Heads or Tails
Three longtime friends take a chance on an unlikely enterprise-and might just turn the field of aquaculture upside down.

Gail Buchalter

Guy Furman, Scott Fritze, and HanzlikThree handsome twenty-somethings hover and glow like proud parents as they stare into Andy Hanzlik’s outstretched hand. Lying lengthwise across his open palm rests a Litopenaeus vannamei, aka white shrimp, measuring eight inches from head to tail. The behemoth was raised at their Marvesta Shrimp Farms in Hurlock, Md., the product of four years of hard work, sweeping innovation, and unshakable faith.
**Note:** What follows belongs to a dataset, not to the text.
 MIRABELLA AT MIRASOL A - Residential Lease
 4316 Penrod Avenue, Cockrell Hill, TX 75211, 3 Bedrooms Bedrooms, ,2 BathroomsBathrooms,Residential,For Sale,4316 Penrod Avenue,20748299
The entrepreneurs-Guy Furman, Scott Fritze, and Hanzlik, who are now among the world’s premier shrimp farmers-were just twenty-two-years old when they embarked upon their ambitious plan: to raise a whole lotta shrimp in the middle of the Eastern Shore.

First, they did their homework; after nearly eighteen months putting together a business plan, they secured a commercial loan and got to work building a 1,500-foot greenhouse on five acres in Hurlock’s industrial park. Inside, a 180-foot-long, ten-feet-deep tank was filled with salt water and stocked with day-old juvenile shrimp from Florida. Weeks went by, and their hopes soared. Then, on Thanksgiving morning, 2004, they discovered more than 50,000 shrimp floating belly up. The ammonia level had spiked and killed nearly all of their stock. “We were devastated,” says Hanzlik. “That was the point we switched gears and decided to simplify what we were doing. In the past twenty years, a lot of people have tried doing this and failed. We weren’t going to be one of them.”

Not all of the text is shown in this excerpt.